Shinhan Bank CEO Jin Ok-dong / Courtesy of Shinhan Bank

Shinhan and KB reappoint most CEOs of their key affiliates with new terms

By Anna J. Park

Shinhan Financial Group has chosen a path of leadership stability for the next couple of years, after reappointing 11 incumbent CEOs out of its 14 affiliates to continue in their positions for one or two year terms.

The group said Friday that top management, including Chairman Cho Yong-byoung, had decided that the 11 would keep their posts at least for the next year. Out of them, Shinhan Bank CEO Jin Ok-dong and Shinhan Card CEO Lim Young-jin, who head the two key affiliates of the financial giant, were given two-year terms.

Usually, financial firms here give CEOs a two-year term, followed by a one-year term if they have been successful managers. The group explained that the two-year term will allow Jin and Lim to promote mid- to long-term strategies amid the market uncertainties and fast-changing environment in the financial sector.

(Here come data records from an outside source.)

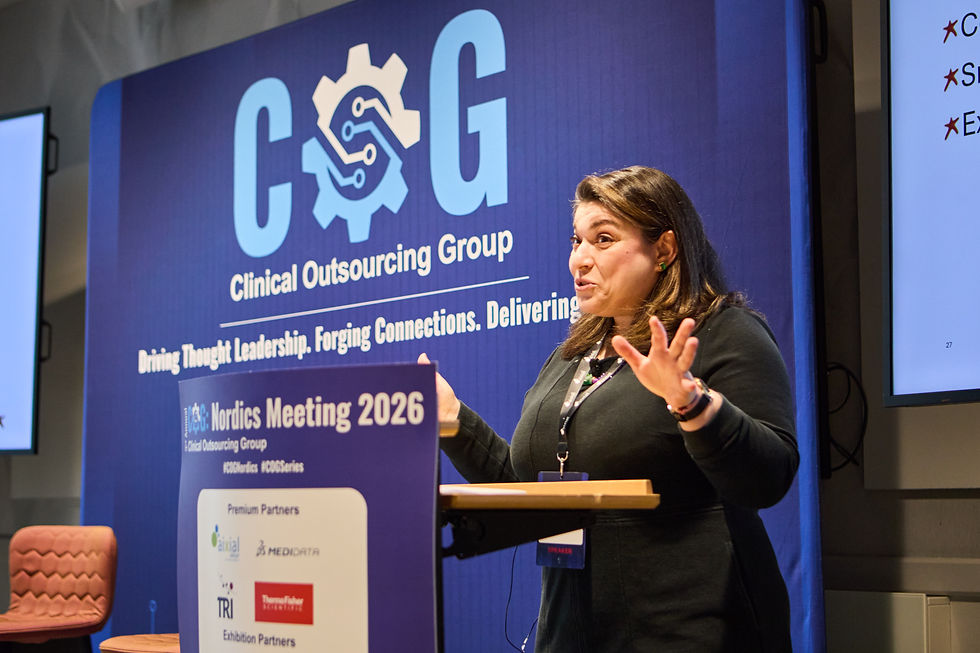 A woman speaks at a podium during the Nordics Meeting 2026. Blue backdrop with "Clinical Outsourcing Group" logo. Presentation screen nearby.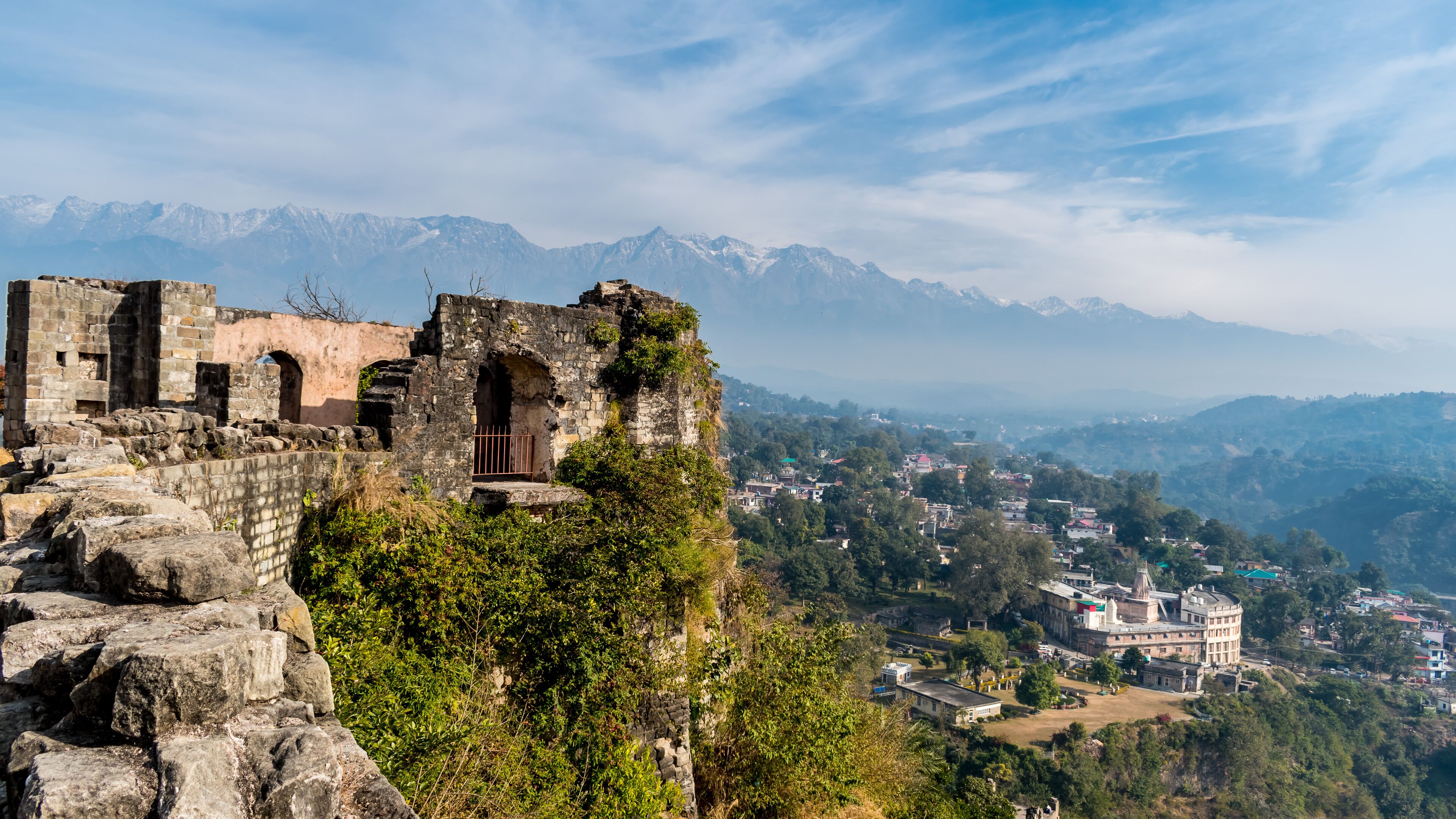 Ancient ruins on a cliff overlooking a town with mountains in the background.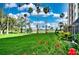 Lush green lawn with palm trees and red flowers at 2320 Terra Ceia Bay Blvd # 203, Palmetto, FL 34221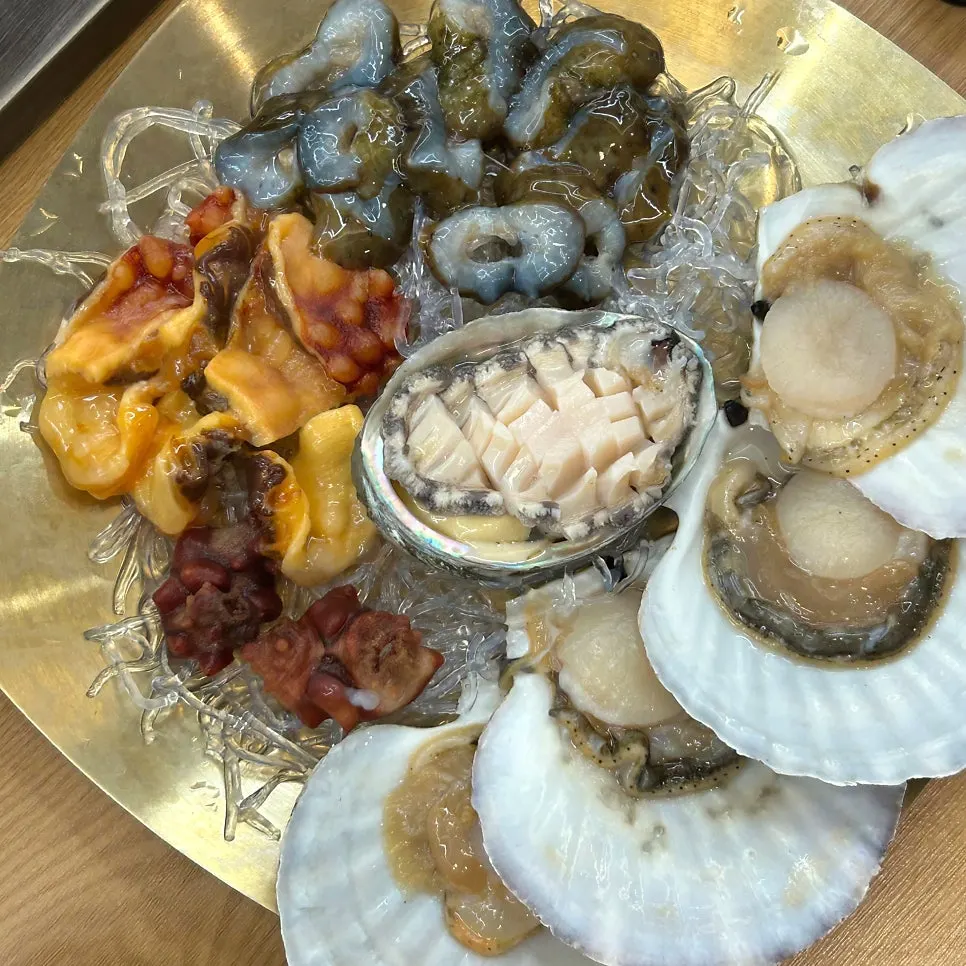 ホタテ刺身とアワビ刺身が盛られた海鮮盛り合わせ
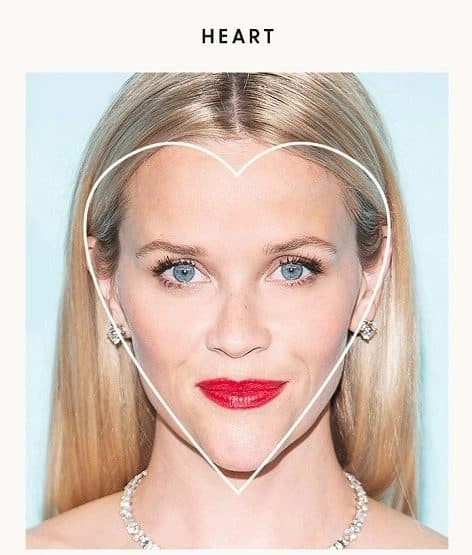 Festival Hairstyles for Heart Shaped Faces - Braided Updo with Flowers Festival hairstyles for heart shaped faces with braids and floral accents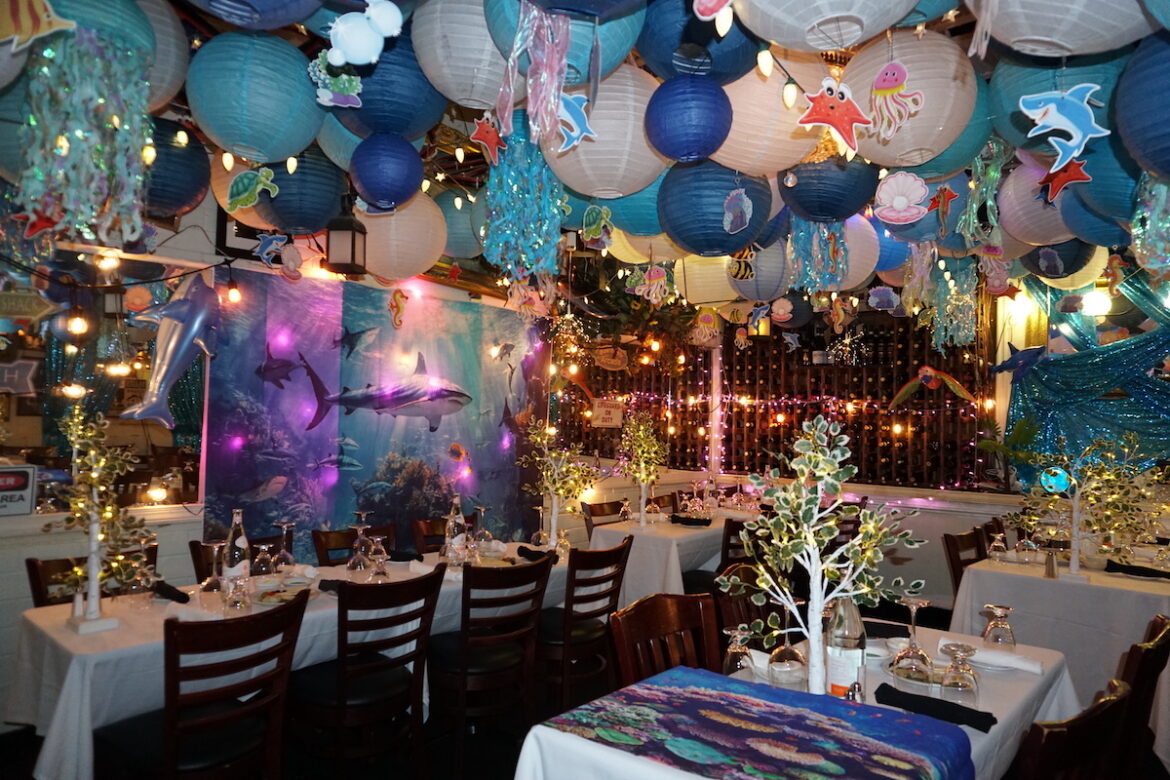 This Whimsical Italian Restaurant Is Transforming Into A Retro-Inspired ‘Under the Sea’ Escape — Dive Into A Summer Of Floating Jellyfish, Cheeky Sharks, & Seaside Nostalgia
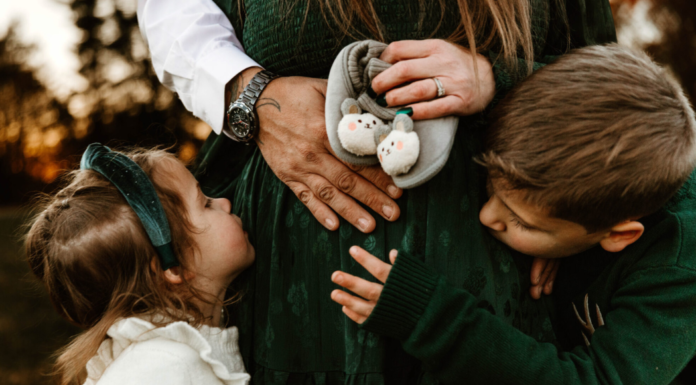 A Third Time Mom’s Secret to What Your Really Need for Your Newborn A family holding a pregnant mom's belly.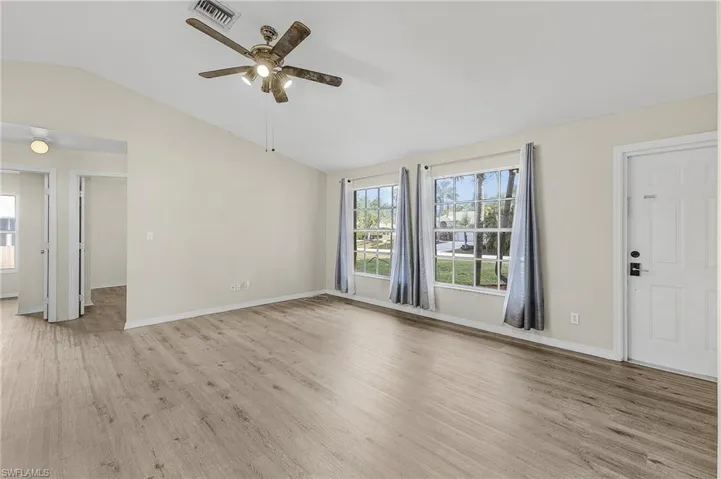 Unfurnished living room with ceiling fan, light hardwood / wood-style floors, and vaulted ceiling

“CEOs reappointed for just one year tend to focus on short-term goals, rather than mid- to long-term strategies. With the two-year term, Jin and Lim will have enough time to exercise and strengthen responsible leadership,” an official of the group said.

Shinhan said that CEOs who demonstrated excellent leadership in digital transformation and business portfolio diversification were chosen to continue their leadership. If confirmed later this month, the CEOs will continue at their posts starting at the beginning of next year.

KB Financial Group also announced a list of CEOs for its 10 affiliates whose chiefs' terms end this year.

Out of the ten, affiliates including KB Securities, KB Kookmin Card, KB Capital and KB Life Insurance will probably see the same leader retained for next year, while the top positions at KB Insurance, KB Real Estate Trust and KB Credit Information will be filled with new CEOs.

The recommended candidates will be confirmed to lead the affiliates later this month, after a vote at a shareholders meeting. The group explained that its CEO recommendations were based on proven capabilities to continue sustainable and stable growth for the group in the coming years.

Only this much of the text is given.